Installation Guide

The architecture of OpenPAI has been updated and optimized in v1.0.0. Before v1.0.0, OpenPAI was based on Yarn and Kubernetes, and data was managed by HDFS. Since v1.0.0, OpenPAI has switched to a pure Kubernetes-based architecture. Many new features, such as AAD authorization, Hivedscheduler, Kube Runtime, Marketplace, etc., are also included. If you still want to install the old Yarn-based OpenPAI, please stay with v0.14.0.

To install OpenPAI >= v1.0.0, please first check Installation Requirements. Then, if you don't have older version OpenPAI installed, please follow Installation From Scratch. Otherwise, please first follow Clean Previous Deployment, then follow Installation From Scratch.

Installation Requirements

The deployment of OpenPAI requires you to have at least 3 separate machines: one dev box machine, one master machine, and one worker machine.

Dev box machine controls masters and workers through SSH during installation, maintenance, and uninstallation. There should be one, and only one dev box. Master machine is used to run core Kubernetes components and core OpenPAI services. For now, you can only specify one master machine. We recommend you to use CPU-only machines for dev box and master. For worker machines, all of them should have GPUs, and have GPU driver correctly installed.

To be detailed, please check the following requirements before installation:

  • Dev Box Machine
    • Hardware Requirement
      • It can communicate with all other machine (master and worker machines).
      • It is separate from cluster which contains master machines and worker machines.
    • Software Requirement
      • Ubuntu 16.04 (18.04 should work, but not fully tested)
      • SSH service is enabled.
      • Passwordless ssh to all other machines (master and worker machines)
      • Docker is installed.
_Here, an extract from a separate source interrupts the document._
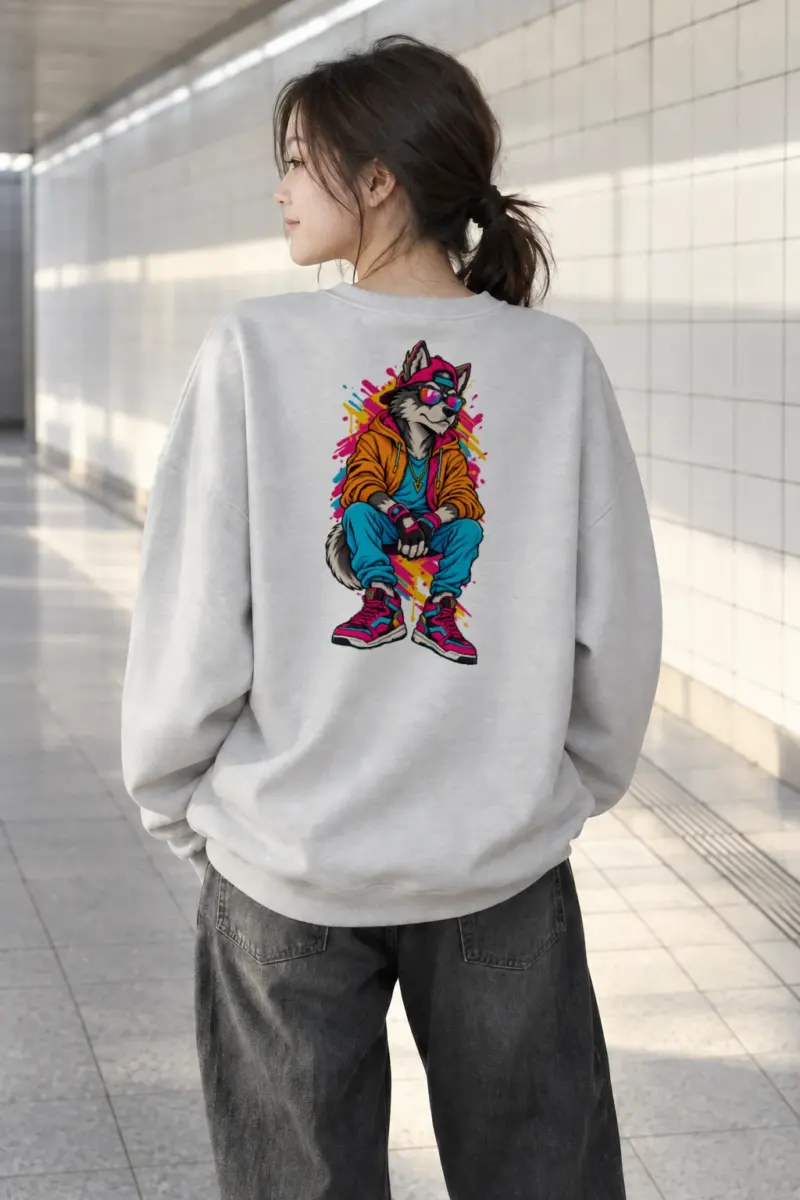 "Neon Wolf Beats" Heavy Blend Unisex Crewneck Sweatshirt | Gildan 18000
You may use command docker --version to check it. Refer to docker's installation guidance if it is not successfully installed.
  • Master Machine
    • Hardware Requirement
      • At least 40GB free memory.
      • It has a static IP address, and make sure it can communicate with all other machines.
      • It can access internet, especially needs to have access to the docker hub registry service or its mirror. Deployment process will pull Docker images.
    • Software Requirement
      • Ubuntu 16.04 (18.04 should work, but not fully tested)
      • SSH service is enabled and share the same username/password with worker machines and have sudo privilege.
      • NTP service is enabled, and etcd is depended on it. You can use apt install ntp to check this requirement.
    • Other Requirement
      • It is a dedicated server for OpenPAI. OpenPAI manages all CPU, memory and GPU resources of it. If there is any other workload, it may cause unknown problem due to insufficient resource.
  • Worker Machines:
    • Hardware Requirement
      • At least 16GB free memory.
      • All servers should have at least one GPU.
      • Each server has a static IP address, and make sure they can communicate with all other machines.
      • Each server can access internet, especially needs to have access to the docker hub registry service or its mirror. Deployment process will pull Docker images.
    • Software Requirement
      • Ubuntu 16.04 (18.04 should work, but not fully tested)
      • SSH service is enabled and share the same username/password and have sudo privilege.
      • Docker is installed. You may use command docker --version to check it. Refer to docker's installation guidance if it is not successfully installed.
      • GPU driver is installed. You may use a command to check it. Refer to the installation guidance in FAQs if the driver is not successfully installed. If you are wondering which version of GPU driver you should use, please also refer to FAQs.
      • nvidia-container-runtime or other device runtime is installed. And be configured as the default runtime of docker. Please configure it in docker-config-file, because kubespray will overwrite systemd's env.
        • You may use command sudo docker run nvidia/cuda:10.0-base nvidia-smi to check it. This command should output information of available GPUs if it is setup properly.
        • Refer to the installation guidance if the it is not successfully set up.
    • Other Requirement
      • Each server is dedicated for OpenPAI. OpenPAI manages all CPU, memory and GPU resources of it. If there is any other workload, it may cause unknown problem due to insufficient resource.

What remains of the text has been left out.